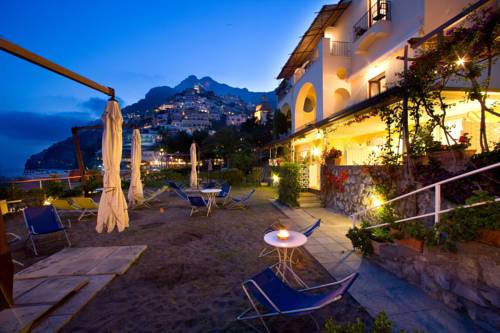 Positano Italia Código de promoción premium para hoteles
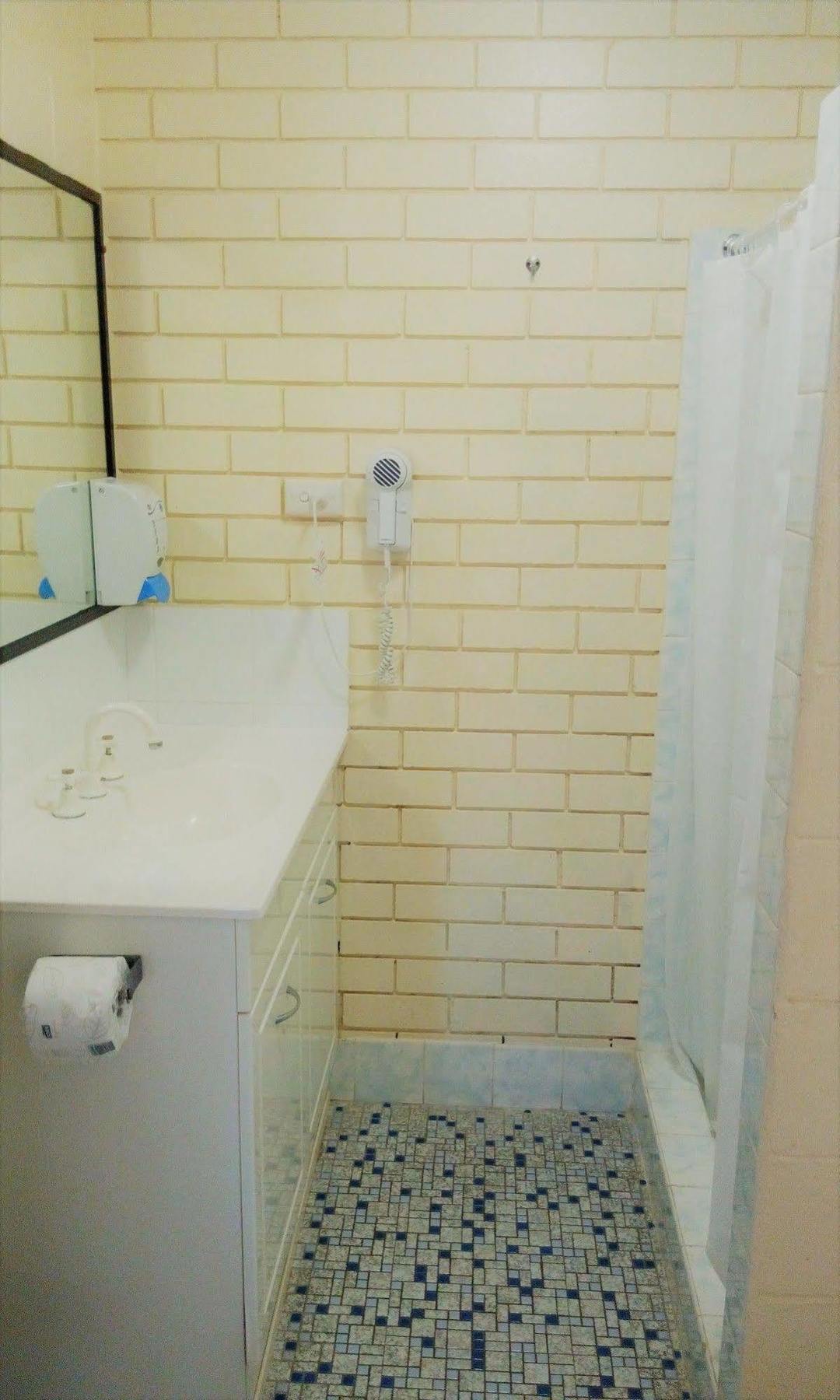 Sail Inn Motel Yeppoon Buitenkant foto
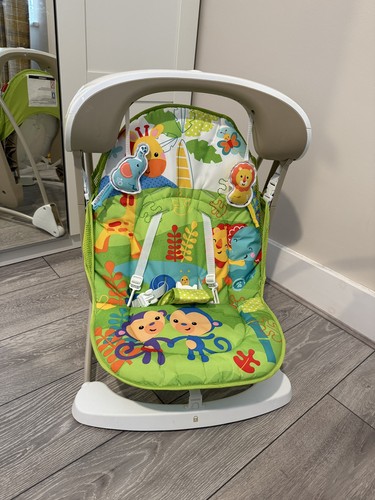 Fisher price rainforest - fisher-price,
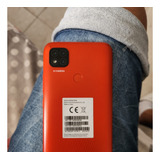 Celular Xiaomi Redmi 9c 64gb Naranja Color Sunrise Orange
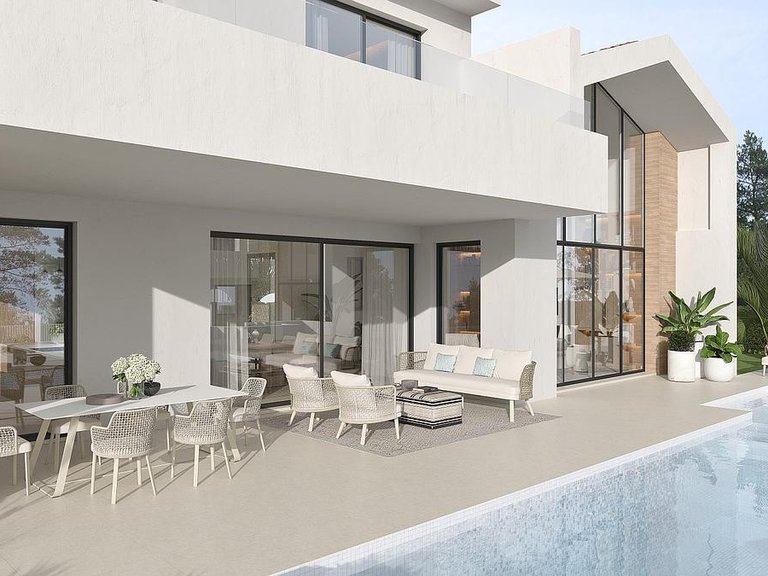 Villa for Sale in Marbella, Malaga 5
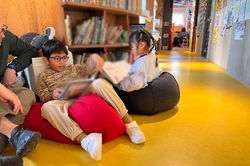 アオバジャパン・バイリンガルプリスクール中野キャンパス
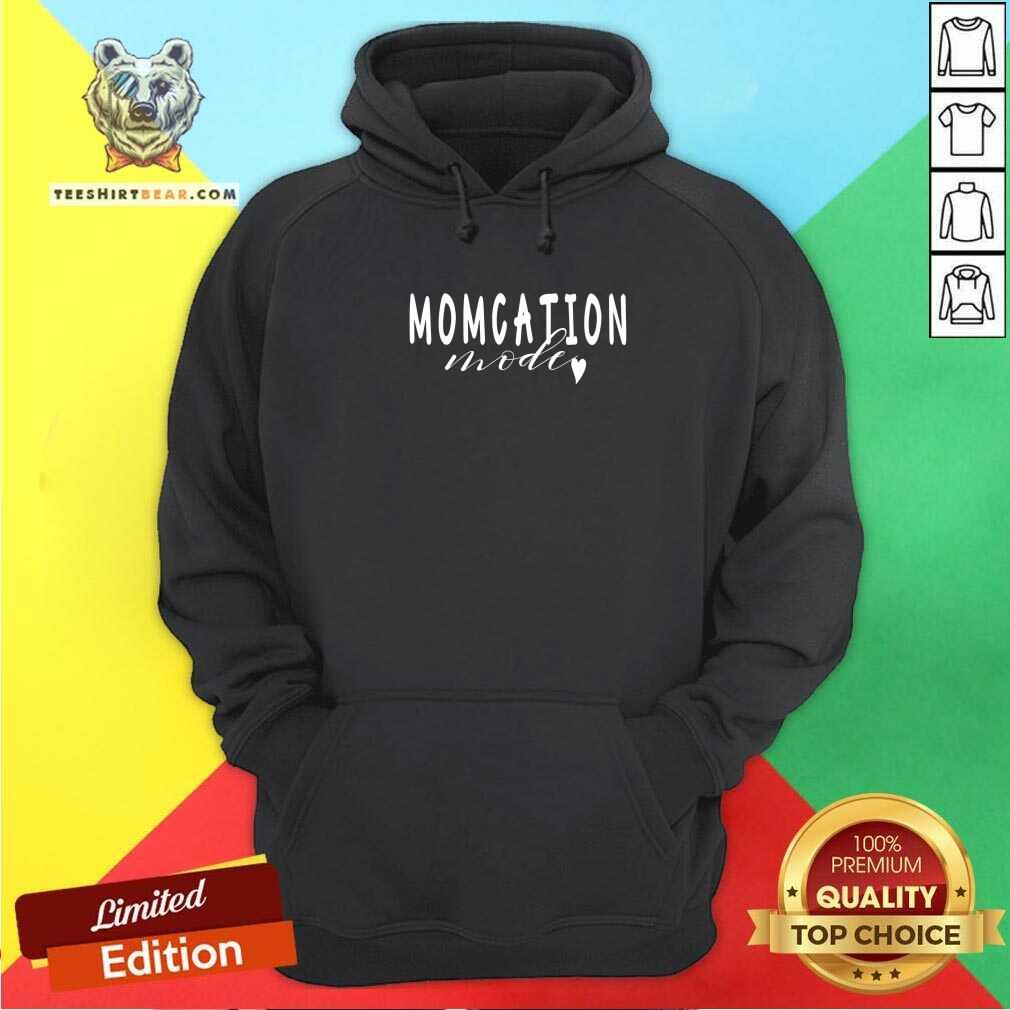 Official Momcation Mode Shirt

___

__EXERCISE REQUIREMENTS__:
Generate a word-for-word copy of the preceding records, excluding all pictures.

__RESULT OF THIS TASK__:
 Positano Italia Código de promoción premium para hoteles
 Sail Inn Motel Yeppoon Buitenkant foto
 Fisher price rainforest - fisher-price,
 Celular Xiaomi Redmi 9c 64gb Naranja Color Sunrise Orange
 Villa for Sale in Marbella, Malaga 5
 アオバジャパン・バイリンガルプリスクール中野キャンパス
 Official Momcation Mode Shirt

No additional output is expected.